From my studies on the Western, Chinese and Meso-American cultures(still working on ancient India) from the classical eras up to early Renaissance, the ancient deduced that heavenly bodies were made of different materials than that of the earth because the observers qualities and behaviors of heavenly objects differed radically from the observed qualities and behavior of mundane objects and materials.
Prior to the invention of modern materials like stainless steel and plastics, all known materials save gold began to degraded constantly. All metals, even bronze oxidized, woods dried, split or decayed under microbial attack, stones cracked and eroded. Producing pure substances was difficult (save for gold and sulfur) and the vast majority of pure substance either degraded or became contaminated. Pure white substances such a fresh snow, ice or purified salt, seemed to have special properties. Salt was considered a magical and material purification agent because of its pure white color and its know ability to prevent decay.
By contrast, all observable celestial objects except the moon, appeared as eternally unblemished and never decaying objects. For many traditions and schools, the observable features on the face of moon indicated it belonged to the mundane realm. Medieval western (Judaeo-christian-Islamic) astronomy divided the heavens into the sub-lunar, the corruptible earth, atmosphere and moon and the trans-lunden, the incorruptible regions beyond. The sun appeared to be made of molten cold and the fixed and wandering stars (planets) appeared a dots of pure usually white light.
Based on the available observed data, the only logical deduction was that that the materials of the heavens differed from the materials of the mundane.
Likewise, the behavior of the mundane world seemed utterly chaotic and unpredictable while the behavior of the heavens appeared a paragon of order and predictability. Cartography as we know it today did not exist so all ancient cultures had better maps of the entire heavens than they did of the earth in just a couple of hundred miles away.
Astronomy became the first science precisely because the heavens could be universally and repeatable observed. Different cultures with no communication developed the same predictive models for the motions of the sun, moon, planets and stars.
Again, based on the available observed data, the only logical deduction was that the material objects of the heavens followed different rules than material objects in the mundane realm. (It helped that measurements in astronomy are made in angles, which can be easily and repeatedly measures with tools made of many different materials but which still produce the same measure angles. Linear measurement tools are far more susceptible to the error from the composition of the tool and its deformation from changing environmental conditions.)

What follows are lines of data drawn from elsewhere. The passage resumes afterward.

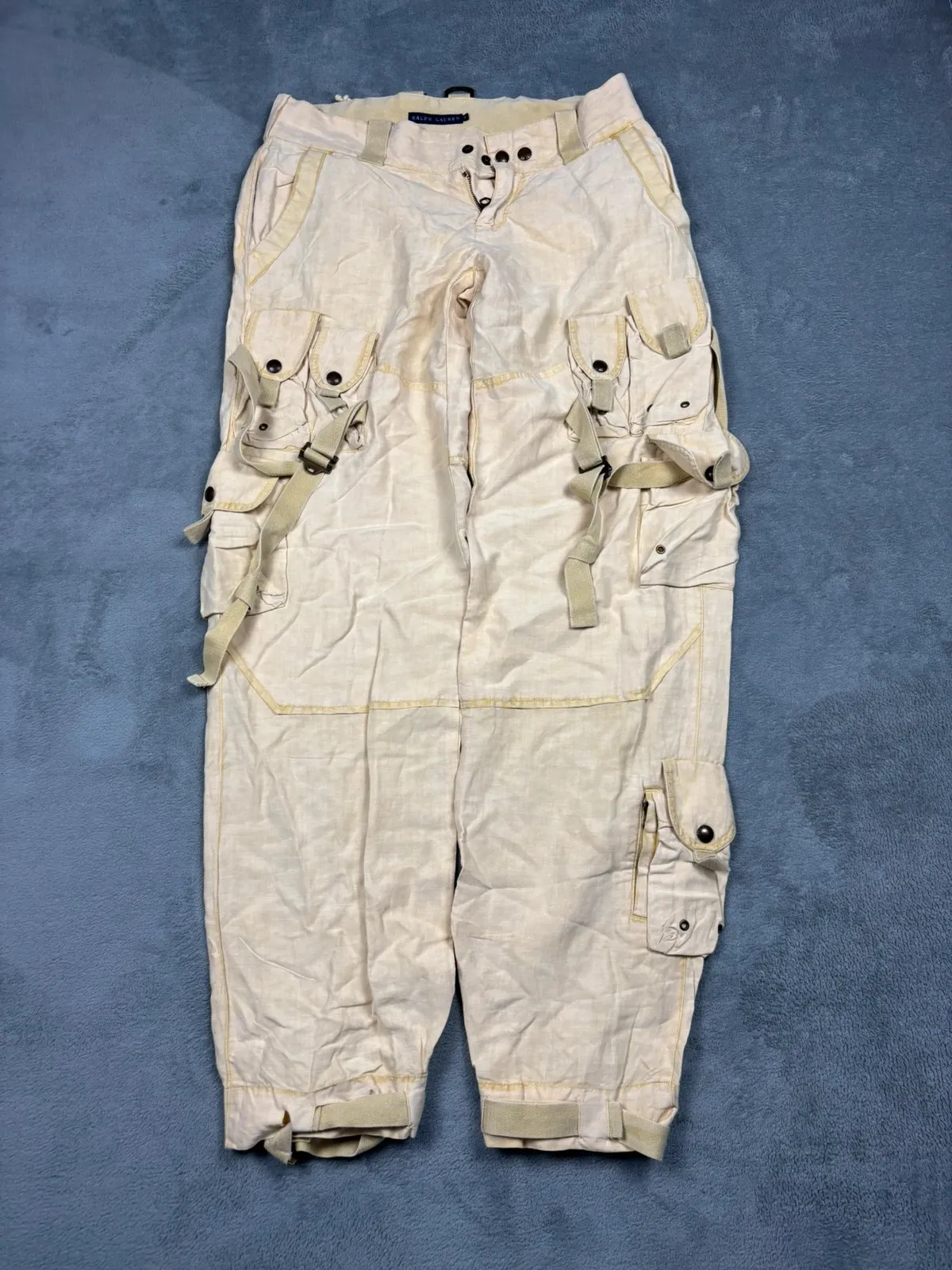 ⭐️ Ralph Lauren silk and linen cargo trousers ⭐️
✅ Condition 10/10
🕵🏼‍♂️ Rarity 9.5/10
👕 Fit: baggy — loose
📏 Size IT 40, measurements in photos
🧼 Washed
🚛 Ships in 24/48h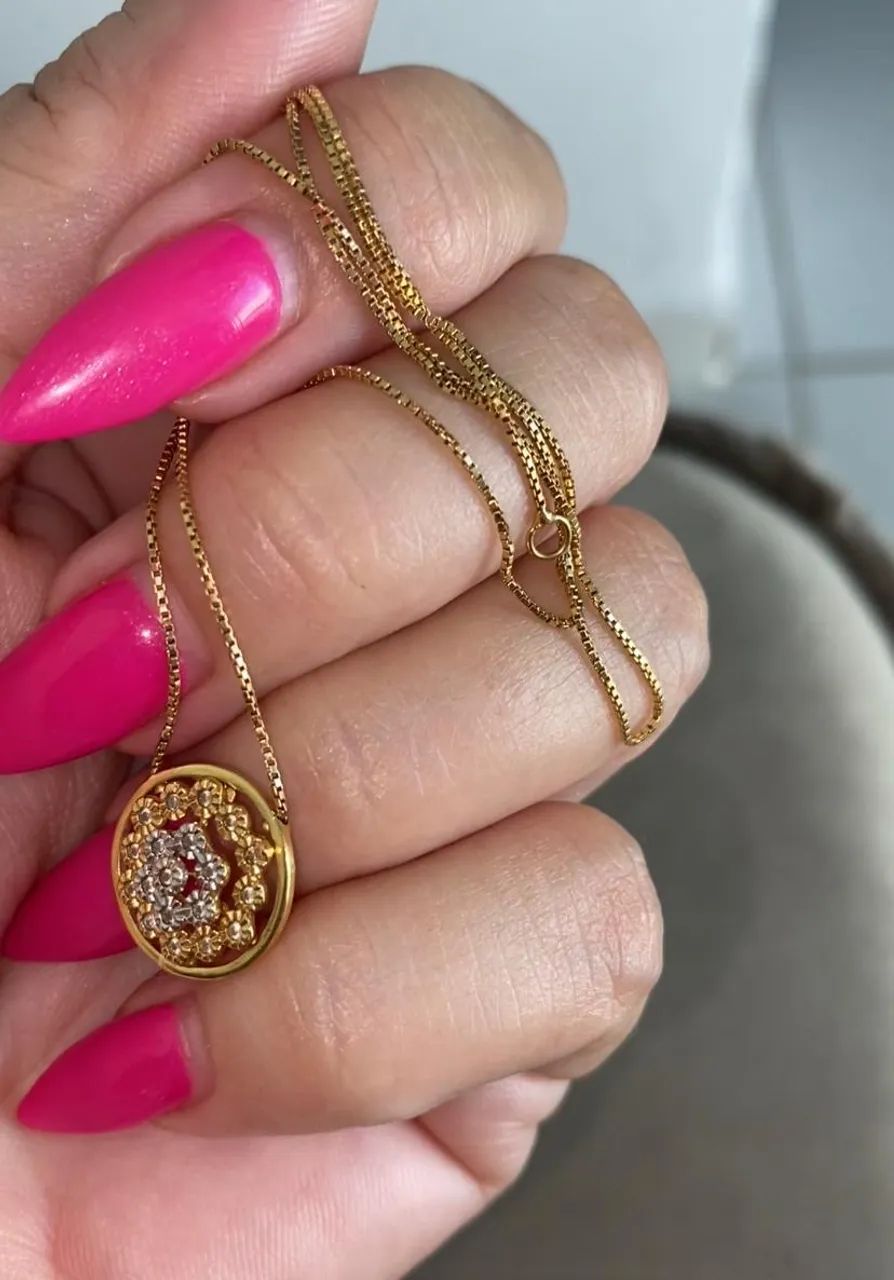 Gargantilha com pingente mandala em diamante ouro 18k - Foto 2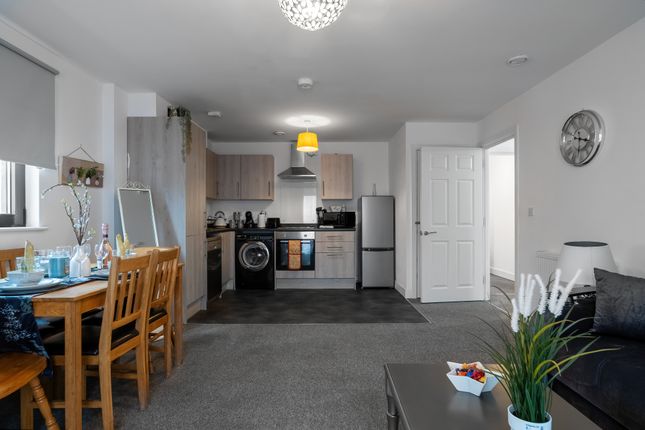 Flat to rent in Colnbrook By Pass, Slough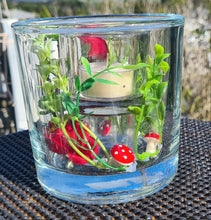 Load image into Gallery viewer, HANDMADE FLORAL CANDLE HOLDER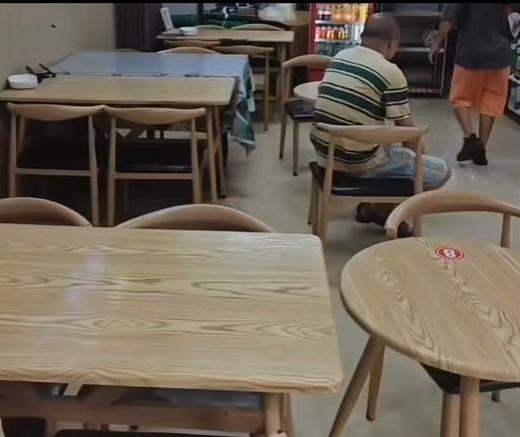 高温天外卖员到店取餐，店家抬手示意其去门外等候，禁止他在店内吹空调休息。外卖员倍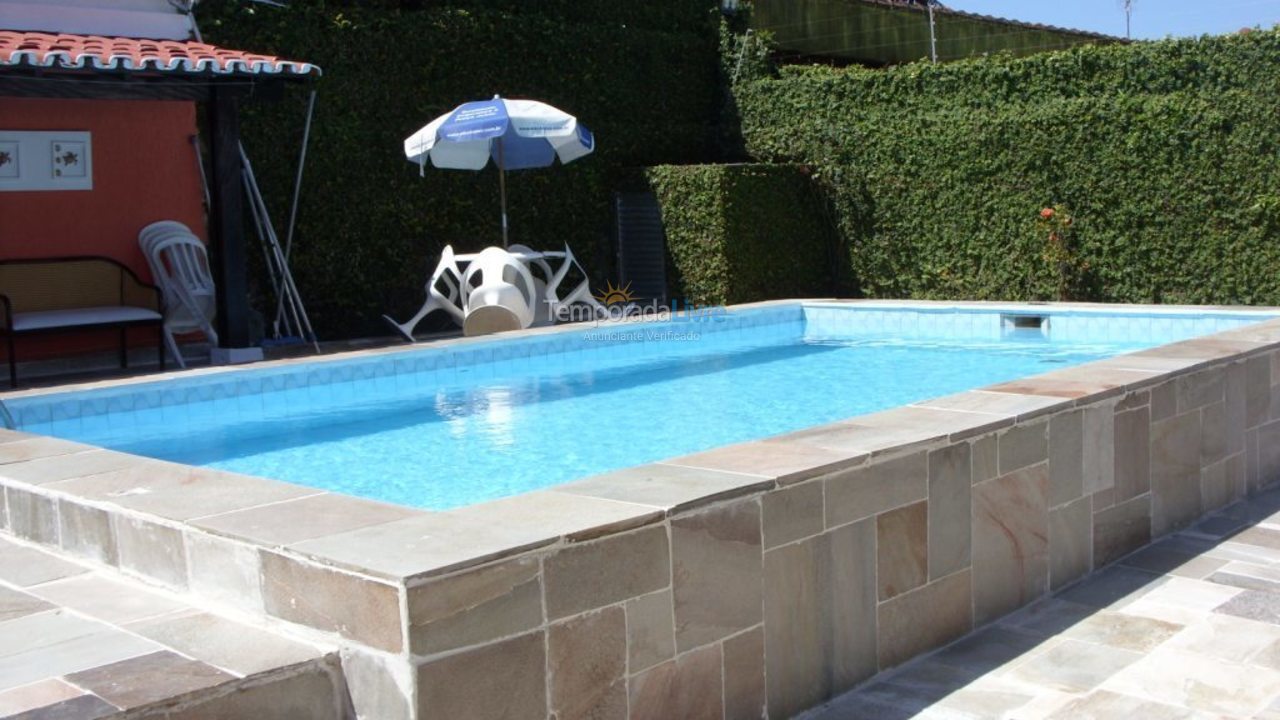 Casa para aluguel de temporada em Guarujá (Praia do Pernambuco)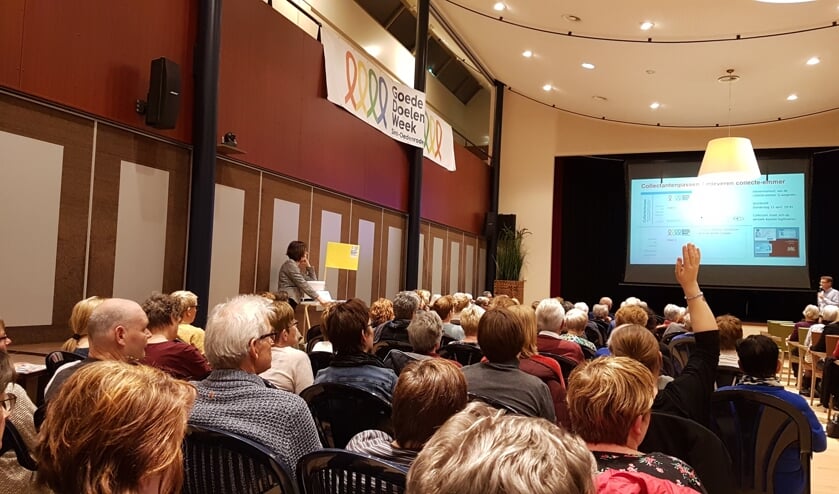 Een volle zaal met vrijwilligers. | Fotonummer: 4070b0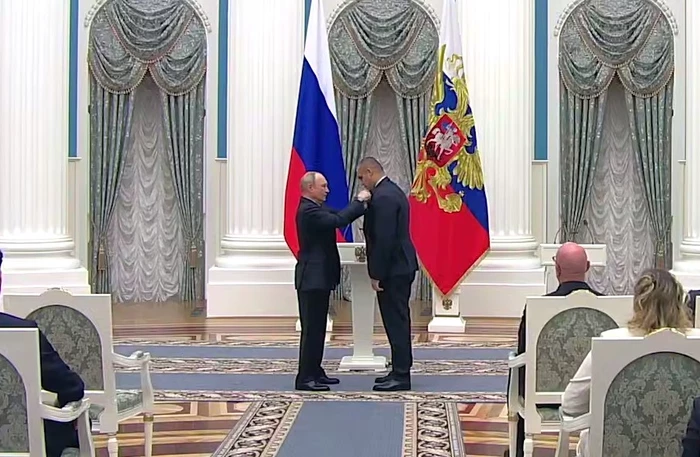 Владимир Путин наградил Умара Кремлёва орденом Дружбы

Observations about the different quality of materials of the heavens and their different behaviors preceded the philosophical and theological explanations for those differences.
There is a famous anecdote, usually attributed to the great British scientist Lord Kelvin. After giving a speech on ptolemaic geocentrism, a member of audience came up after and said, "It sure was silly of the Ptolemy to say that the sun went around the earth. Why to do you think he believed something so silly."
Supposedly, Lord Kelvin blinked and replied, "Because good Sir/Madam that's what it looked like." He meant that prior to the invention of the telescope, no scientific evidence existed that the sun didn't orbit the earth. All heliocentric arguments up to that point e.g. Bruno, were based on philosophy or theology, not observation and science.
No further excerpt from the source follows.